Elle doit avant tout être inspirée par Dieu.

Ici notre conception chrétienne se heurte à deux écueils majeurs issus de la pensée contemporaine :

Un écueil est de penser que la pédagogie est une fin en soi. Les sciences de l’éducation regorgent de méthodes et de moyens pédagogiques censés résoudre tous les problèmes des élèves. C’est l’illusion d’une technê toute puissante directement issue du positivisme d’Auguste Comte.

Certes il y a de très bonnes choses qui ont été développées en pédagogie, mais attention à leur usage. En effet, de nombreux pédagogues ont mis en avant l’intérêt du socioconstructivisme comme le terreau idéal de l’apprentissage. Là encore, nous ne jetons pas le bébé avec l’eau du bain. Mais ce SC ne doit rester qu’un outil. Oui, bien sûr nous pensons que la connaissance se construit, un peu à la manière d’un puzzle. Mais elle ne se construit pas sur la base de rien. Elle se construit sur la base du puzzle terminé, ce puzzle étant la création de notre Dieu.

Que l’on considère également la pédagogie par projet, très à la mode également. Bien entendu nous la défendons aussi et nous en reconnaissons toutes les vertus. Mais attention aux dérives. Être trop dans une pédagogie comme celle-ci, c’est quelque part faire valoir une pensée utilitariste et conséquentialiste. De plus en plus les enfants disent en parlant de telle ou telle matière « À quoi ça sert ? » et la remettent en question. Pourquoi ? Parce qu’on leur a fait comprendre à travers ce genre de pédagogie utilisée à tort et à travers, que le seul but de la connaissance était l’application pratique. En faisant cela, on décrédibilise le savoir fondamental et la connaissance au sens plus large. On porte atteinte directement à la culture.  Nombreux sont les philosophes et sociologues, comme Michel Foucault parmi d’autres, qui ont dénoncé cela il y a déjà fort longtemps. Le risque est de réduire alors aussi notre compréhension du monde à l’utile, et de mettre Dieu encore davantage de côté.

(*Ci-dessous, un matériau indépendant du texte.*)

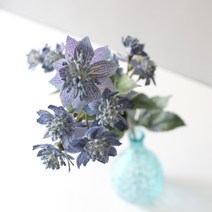 밍앤미 아스트란티아 조화, 블루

Je pourrais vous citer encore différents autres thèmes des sciences de l’éducation qui posent problème pour nous, mais nous y serions jusqu’à demain, on pensera simplement à l’évaluation par exemple, et à son utilisation pour favoriser une société de compétition qui contribue à créer une pression négative sur l’estime de soi et des souffrances identitaires majeures chez les enfants…

Bref, la liste est longue en lien avec les moyens et méthodes pédagogiques !

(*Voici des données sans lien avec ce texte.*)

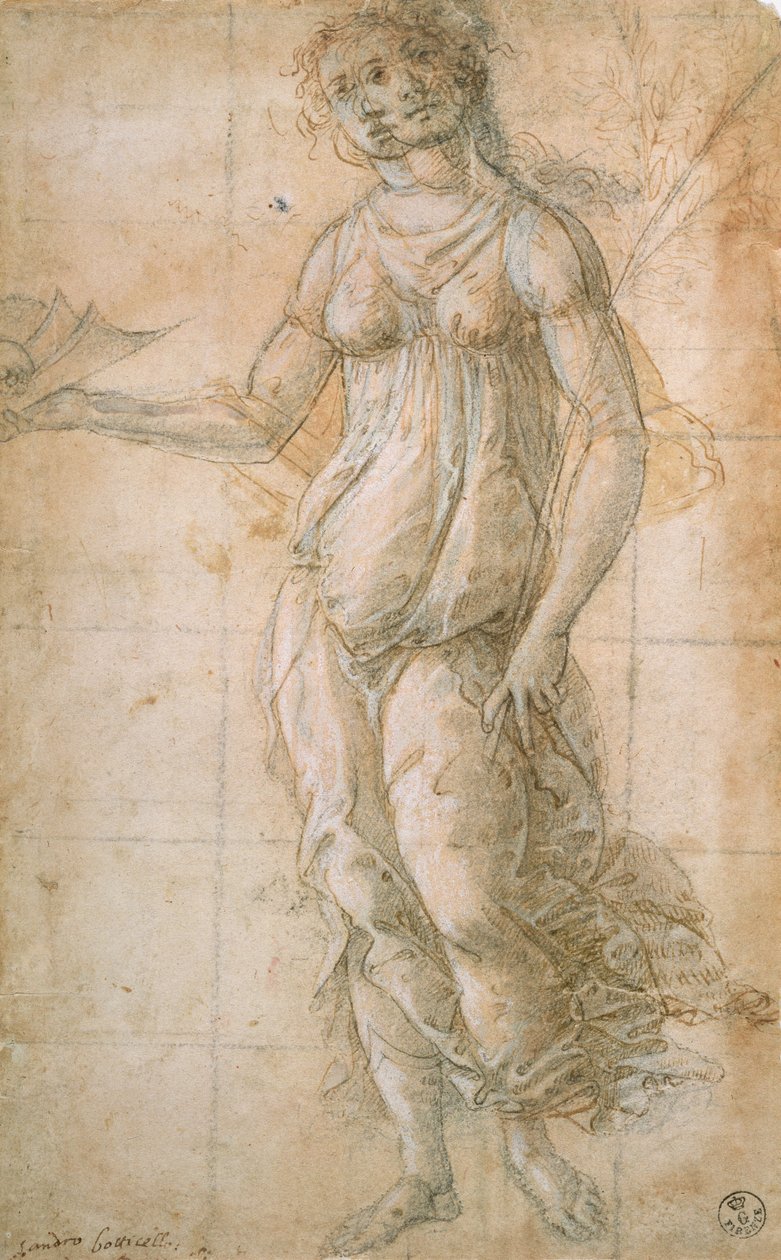 アテネの研究（ドローイング） 作： Sandro Botticelli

L’autre écueil en pédagogie est davantage d’ordre relationnel et émane directement de cette pensée rousseauiste que l’enfant est bon dès le départ. Cela a des implications majeures dans l’éducation.

C’est une illusion que de pouvoir faire de l’enfant un égal qui n’a besoin que de bienveillance et non d’autorité. C’est se méprendre sur la notion même d’autorité qui, contrairement au pouvoir coercitif, vise à faire augmenter l’autre (étymologie), à le faire grandir. En considérant que l’enfant est bon, on a considéré que la bienveillance suffisait et qu’il n’y avait pas besoin d’autorité. Or tout comme l’enseignant est soumis à l’autorité divine, l’élève doit être soumis à l’autorité du Maître. La bienveillance est indispensable, mais faire preuve d’autorité c’est justement faire preuve de bienveillance parce que l’enfant a besoin de ce cadre pour grandir. Nombre de problèmes aujourd’hui dans l’école sont dus à un non-respect de l’autorité.

Par ailleurs, nous sommes aussi convaincus qu’en apprenant à l’enfant le respect de l’autorité du Maître, nous lui apprenons aussi le respect de l’autorité de Dieu. Comment un enfant qui ne respecte pas… qui remet en question constamment, pourra-t-il s’accommoder de l’autorité de Dieu sur sa vie ?

En résumé :

Le rejet de Dieu a conduit l’homme à penser qu’il pouvait accéder à toute la connaissance par lui-même et les moyens qu’il se donne et élabore.

Mais le rejet de Dieu au siècle des Lumières a aussi conduit à rejeter l’autorité (celle de Dieu, donc par glissement, le rejet de toute autorité [nous en sommes des spécialistes en France] et donc l’autorité du Maître aussi. Les crises de l’école en lien avec ce thème sont nombreuses à être rapportées dans les milieux de l’éducation.

L’enseignant chrétien reste une figure d’autorité, non par autoritarisme mais parce qu’il est investi d’une autorité qui lui est conférée en vertu de l’appel qui lui est donné d’exercer ce ministère. Et il l’exerce dans l’entière dépendance à Dieu.